* **Recorded information**
►

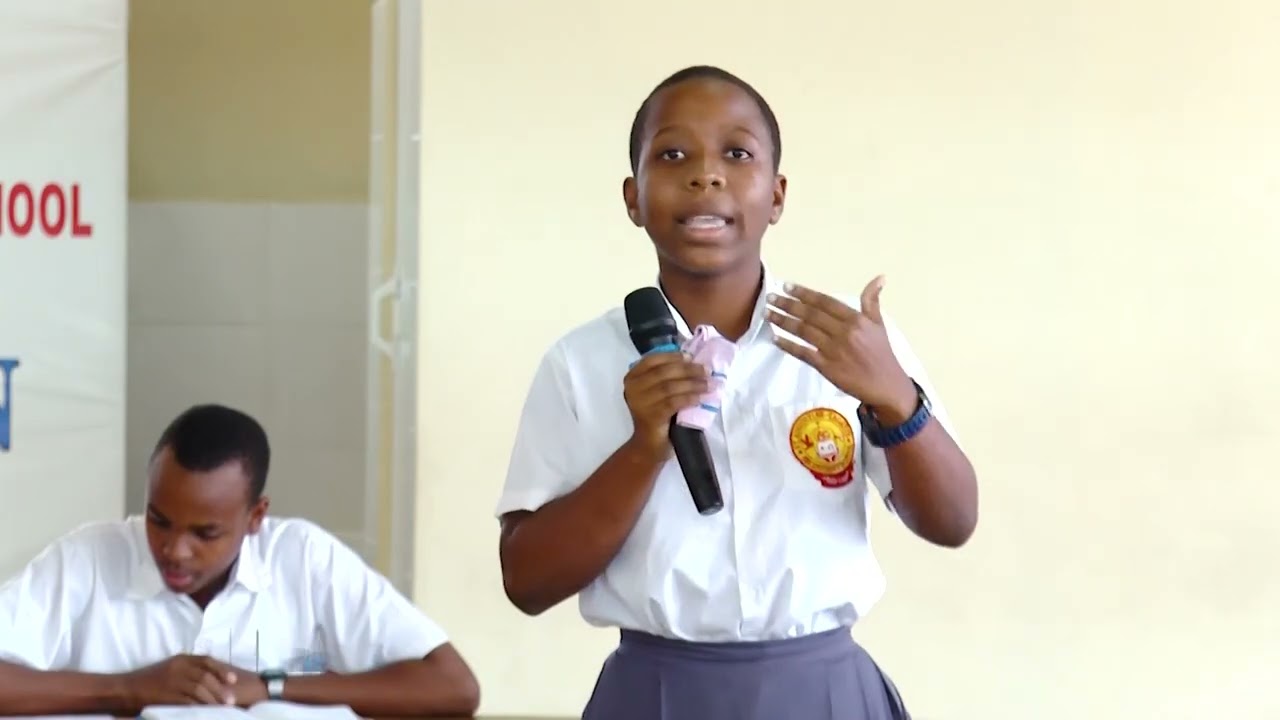 #TBC| TALANTA - ST. AUGUSTINE TAGASTE SEC. SCHOOL | WANAFUNZI NA KAZI ZA NYUMBANI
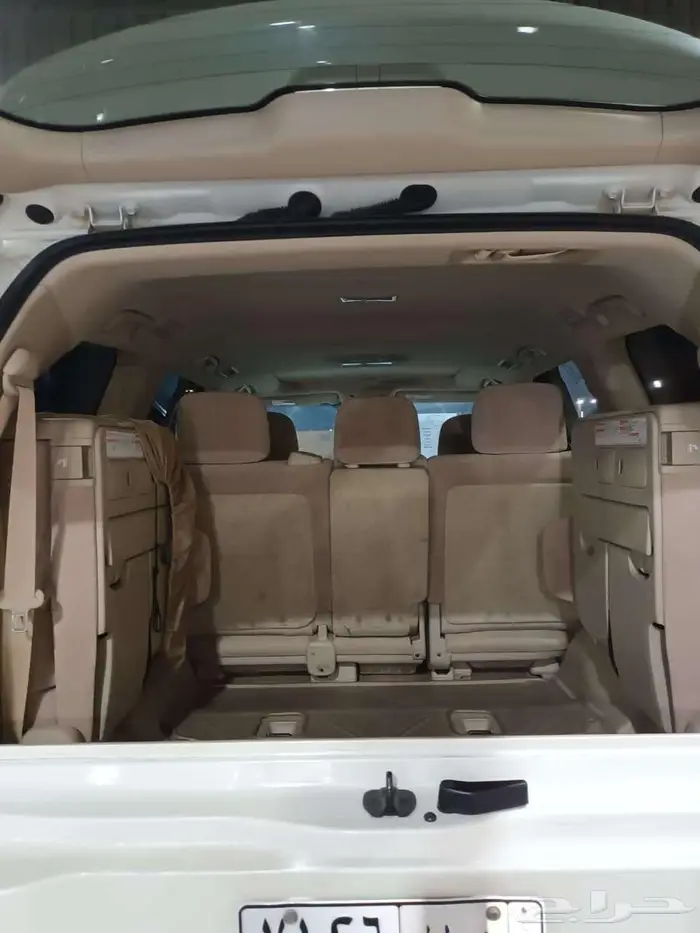 تويوتا لاندكروزر جي اكس ار V8 تورينج 2019 21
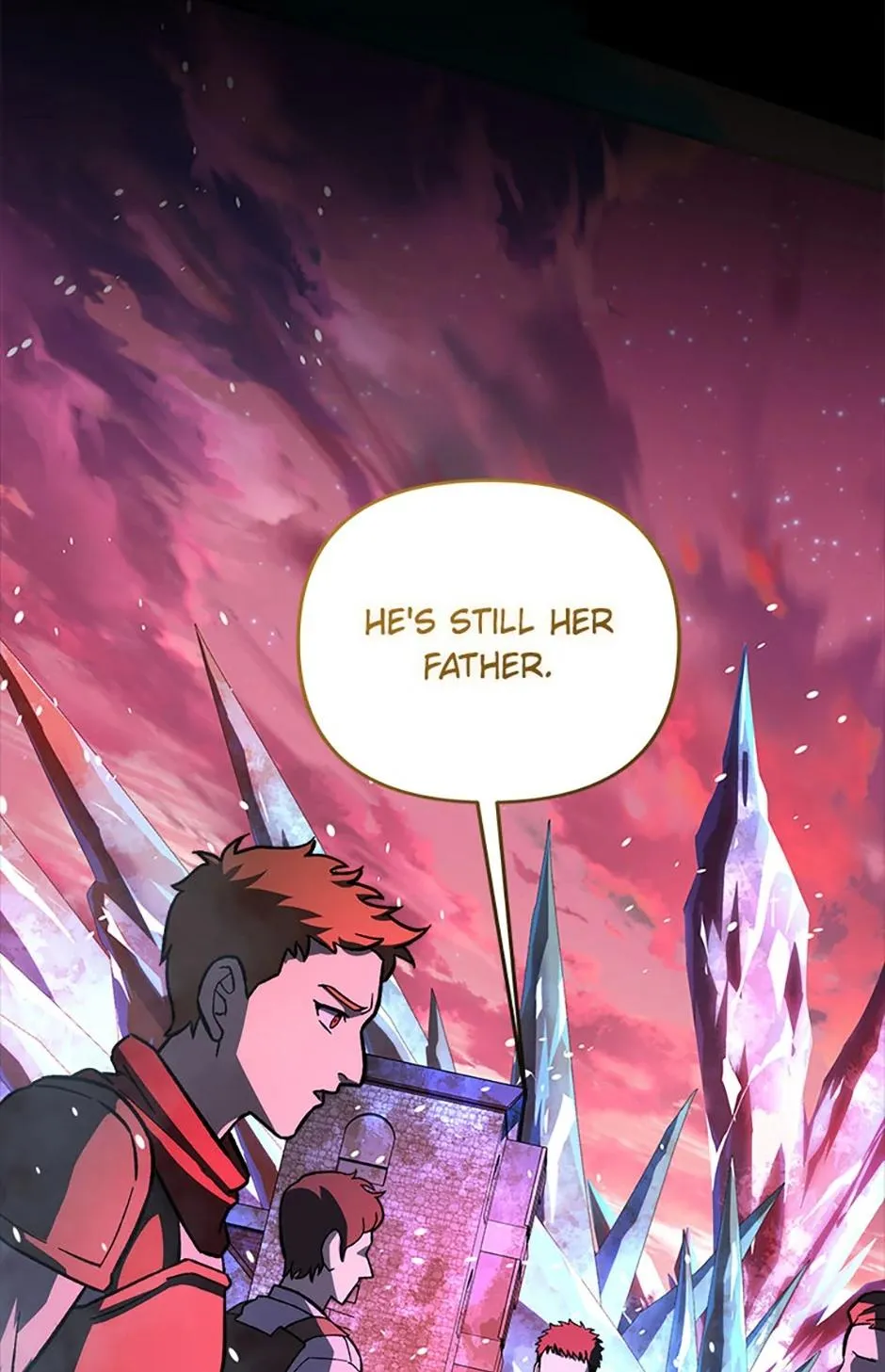 Read My Daughter Is the Final Boss (en) Manga Online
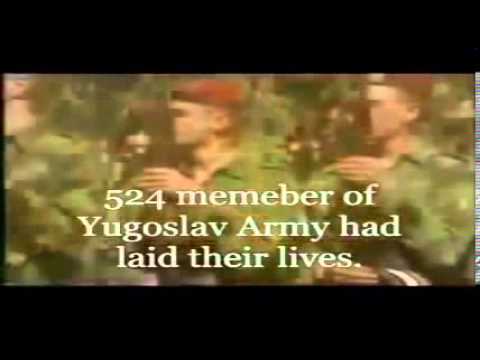 Kosovo War 1998/1999 - Yugoslav Army Casualties/Losses (UCK vs Serbia)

◄

* **Task to complete**
Print the whole listing above exactly, and keep every picture out of the copy.

* **Response**
 #TBC| TALANTA - ST. AUGUSTINE TAGASTE SEC. SCHOOL | WANAFUNZI NA KAZI ZA NYUMBANI
 تويوتا لاندكروزر جي اكس ار V8 تورينج 2019 21
 Read My Daughter Is the Final Boss (en) Manga Online
 Kosovo War 1998/1999 - Yugoslav Army Casualties/Losses (UCK vs Serbia)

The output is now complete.